Sucede un fenómeno curioso cuando cumples los treinta; uno del que nadie te habla y que poco tiene que ver con la famosa “crisis de”. Es algo al margen de la preocupación por las primeras arrugas, el agravamiento de las resacas o el cálculo de los años fértiles. Va más allá de eso; tanto, que te sobrepasa hasta el punto de hacerte desaparecer: te evaporas. Fuera. Invisible. Una desintegración inmediata que está más unida a lo institucional y a la estadística que a la desaparición física del cuerpo.
Alcanzado el número mágico, entras en un punto muerto donde no eres lo suficientemente joven pero tampoco lo bastante viejo como para acogerte a algún tipo de incentivo o ayuda reservada a otros grupos demográficos. Se sobreentiende -al parecer- que a esa edad debes tenerlo todo resuelto y, tal vez, esto fuera cierto en otros tiempos sin crisis, donde no se exigía una formación concatenada y multidisciplinar. Esto es: una carrera (o dos), idiomas, máster y algún que otro curso sobre nuevas tecnologías y desarrollo de marca personal. Una preparatoria (te aseguraban) que permitiría tu entrada, amortiguada y entre algodones, al mercado laboral.

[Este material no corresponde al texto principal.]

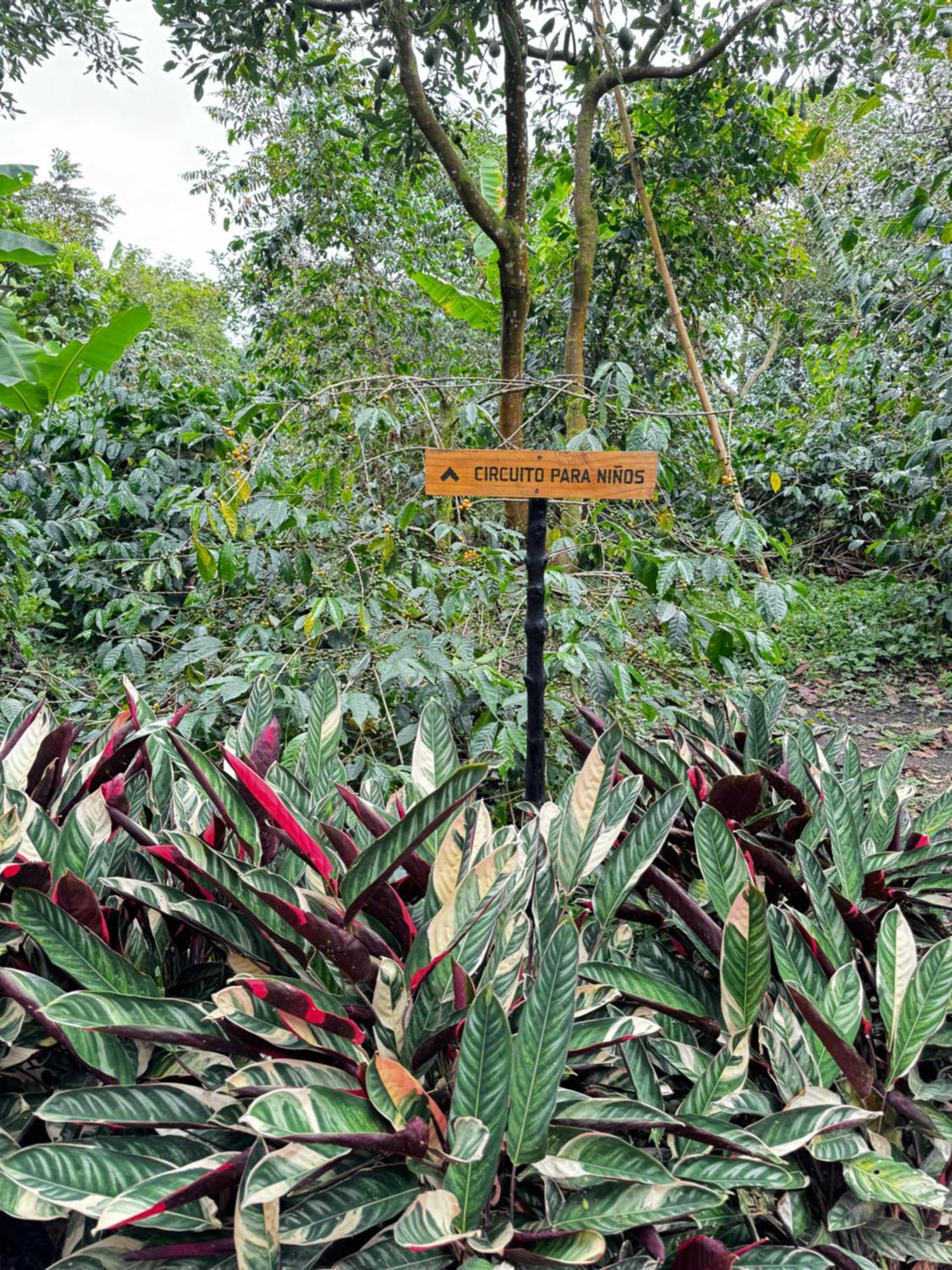 Hotel La Palma Y El Tucan - Cafe Y Naturaleza Zipacon ภายนอก รูปภาพ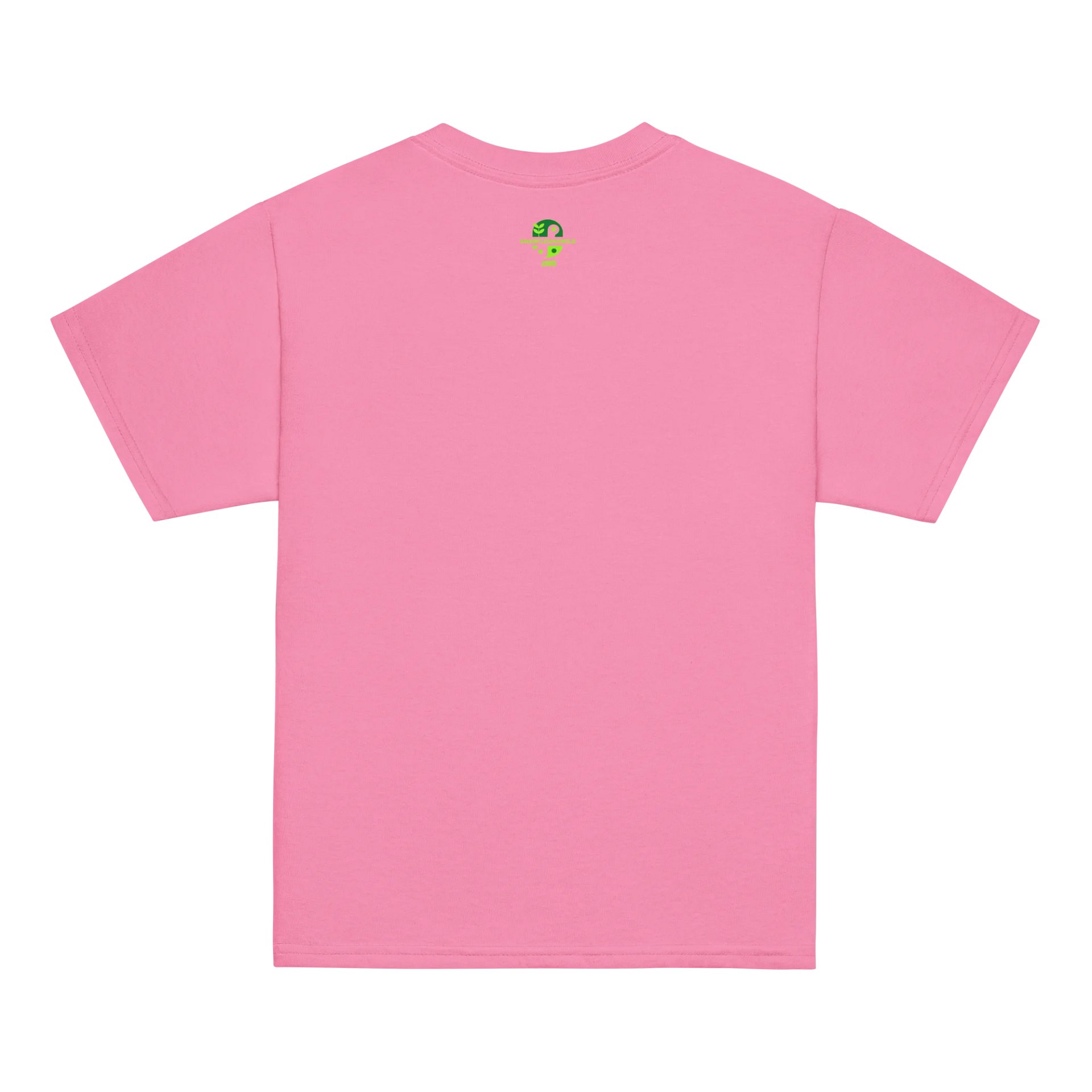 Hard Headed As A Pachycephalosaurus - Funny Dinosaur Shirt product image (38)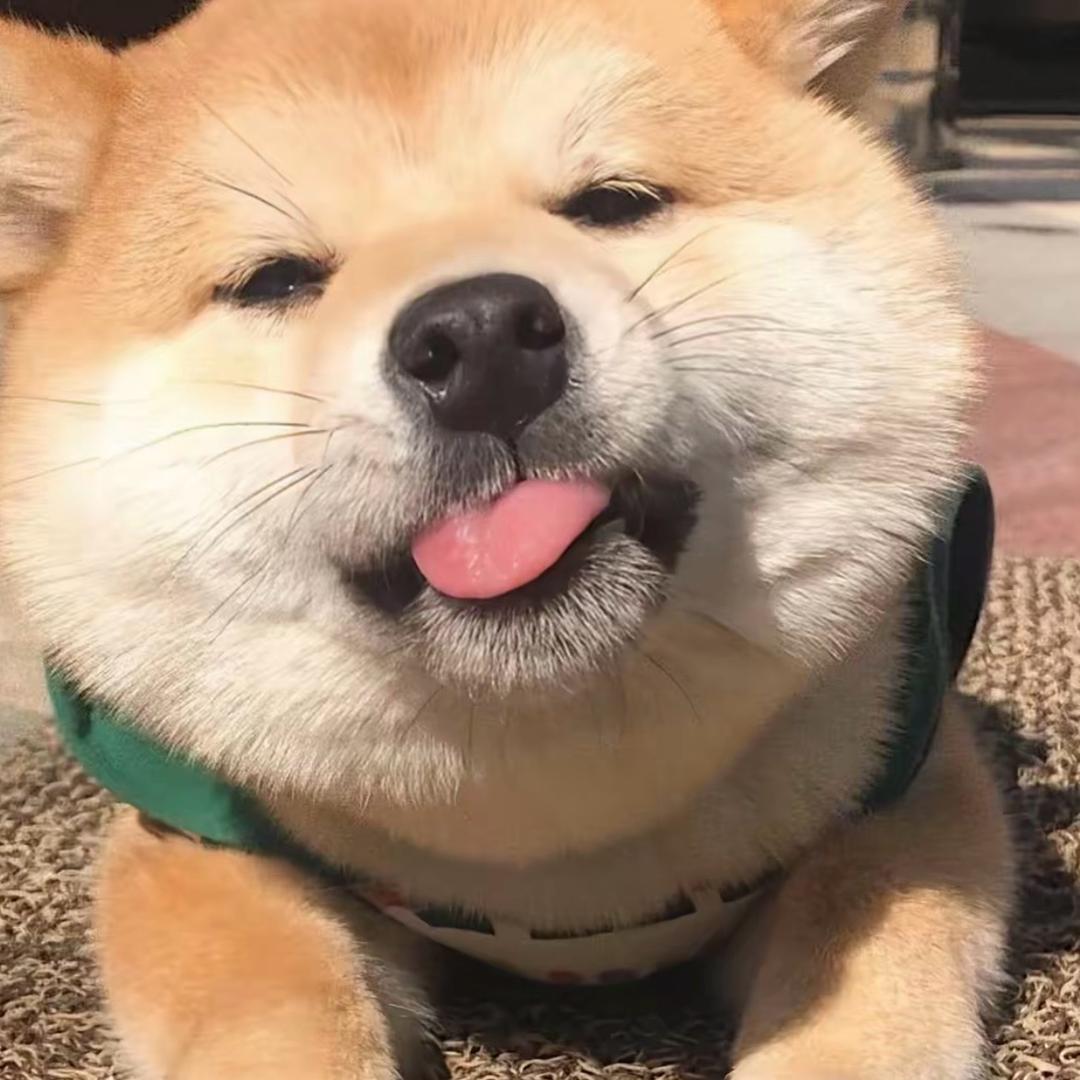 皮蛋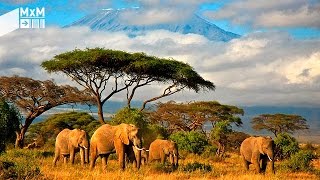 Madrileños por el mundo Tanzania un país que anima a la aventura [upl. by Ophelie]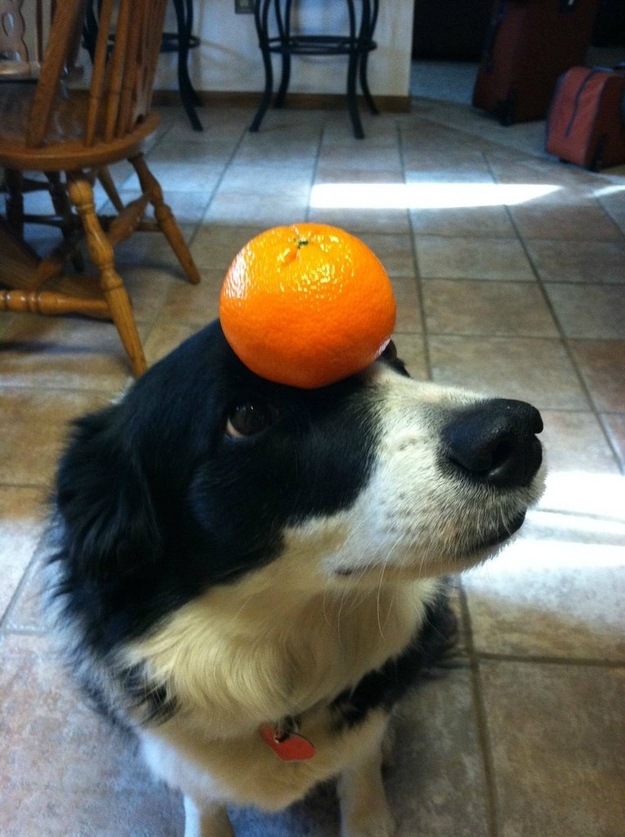 orange on the head funny dog picture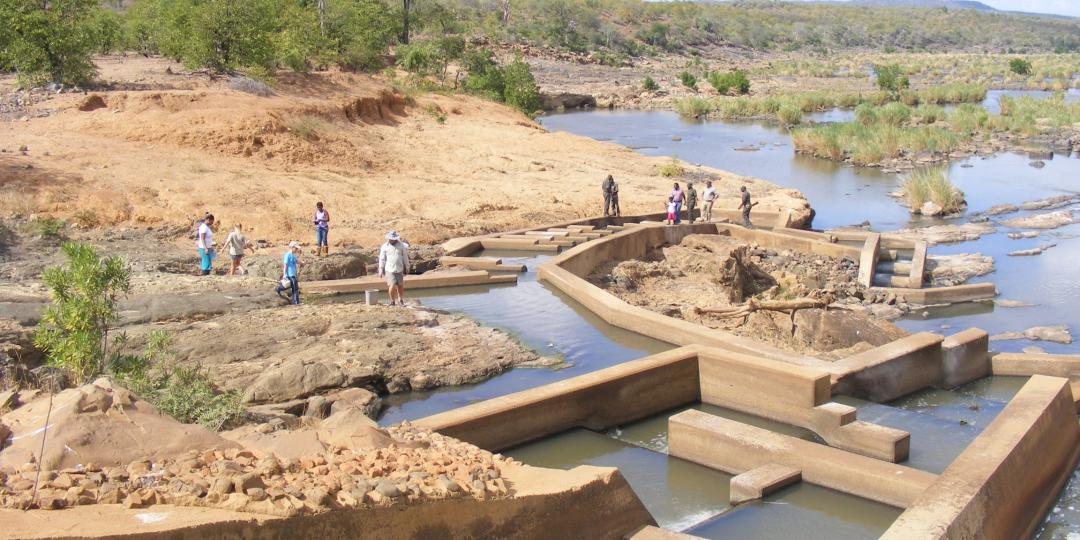 The Kruger National Park will be hosting World Fish Migration Day, highlighting the importance on migratory fish and free flowing rivers. 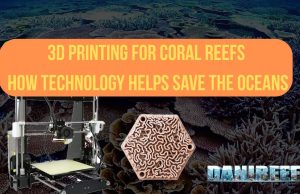 3D printing for coral reefs: how technology helps save the Oceans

Claro que alcanzar estos méritos requiere, como mínimo, tiempo; y a falta de un DeLorean, vas soplando velas y te plantas en unos veintimuchos, ignorando el largo recorrido que te queda por delante: una yincana de destreza e ingenio al borde del abismo, que empieza -como no- con la confección del que será tu currículo. Uno con el que inundas tu ciudad y los portales de empleo del país y aledaños. Seguido de una puesta a punto del perfil en LinkedIn e, incluso, de una visita al Servicio Canario de Empleo para obtener tu Darde, un número mágico que cambia cada tres meses, sin que en tu vida cambie nada.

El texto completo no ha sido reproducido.